If the hadoop command is executed using -numReduceTasks 0, the mapper works,
The Hadoop job executes only the mapping step and ends successfully, and the output directory contains the result file of the mapping step.I guess there must be something wrong with the reduce step?
- The stderr logs in Hue show nothing relevant:
Log upload time: Wed Jan 06 12:33:10 -0800 2016
Log length: 222
log4j: WARN could not find an additional program for the logger (org.apache.hadoop.ipc.Server).
log4j:WARN Please initialize the log4j system correctly.
log4j: Warning see http://logging.apache.org/log4j/1.2/faq.html#noconfig Learn more.
Script code:
First file: join3_mapper.py
#!/usr/bin/env python
import sys
for line in sys.stdin:
line = line.strip() #strip out carriage return
tuple2 = line.split(",") #split line, into key and value, returns a list
if len(tuple2) == 2:
key = tuple2[0]
value = tuple2[1]
if value == 'ABC':
print('%s\t%s' % (key, value) )
elif value.isdigit():
print('%s\t%s' % (key, value) )
Second file: join3_reducer.py
#!/usr/bin/env python
import sys
last_key = None #initialize these variables
running_total = 0
abcFound =False;
this_key = None
# -----------------------------------
# Loop the file
# --------------------------------
for input_line in sys.stdin:
input_line = input_line.strip()
# --------------------------------
# Get Next Key value pair, splitting at tab
# --------------------------------
tuple2 = input_line.split("\t")
this_key = tuple2[0]
value = tuple2[1]
if value.isdigit():
value = int(value)
# ---------------------------------
# Key Check part
# if this current key is same
# as the last one Consolidate
# otherwise Emit
# ---------------------------------
if last_key == this_key:
if value == 'ABC': # filter for only ABC in TV shows
abcFound=True;
else:
if isinstance(value, (int,long) ):
running_total += value
else:
if last_key: #if this key is different from last key, and the previous
# (ie last) key is not empy,
# then output
# the previous <key running-count>
if abcFound:
print('%s\t%s' % (last_key, running_total) )
abcFound=False;
running_total = value #reset values
last_key = this_key
if last_key == this_key:
print('%s\t%s' % (last_key, running_total) )

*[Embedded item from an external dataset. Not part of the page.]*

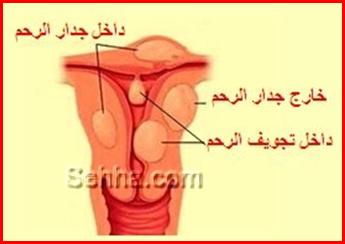 الألياف الرحمية - أورام الرحم الليفية Fibromyomas3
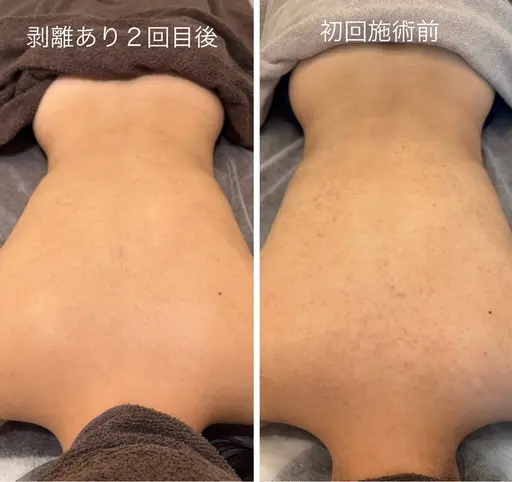 🌿剥離ありハーブピーリング〈背中〉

I’ve tried various different ways to declare input files to the hadoop command with no difference, no success.
What am I doing wrong? Thanks a lot for the tips, ideas thank you
Solution
What a lucky punch, fought with that punch for days, knowing I made it :
Due to local (UNIX) execution
cat join2_gen*.txt | ./join2_mapper.py | sort | ./join2_reducer.py
Works fine I want to use 1 merged input file instead of the 6 input files provided, so:
cat join2_gen*.txt >> mergedinputFile.txt
hdfs dfs -put mergedInputFile.txt /user/cloudera/input
Then execute the same hadoop command again, directing the input to mergedInputFile in the input folder —> Perfect result, no problem, no exception work done.
For me, it raises a question:
- Why does it use one merged input file, but now offers a smaller 6 files? Don’t know (yet).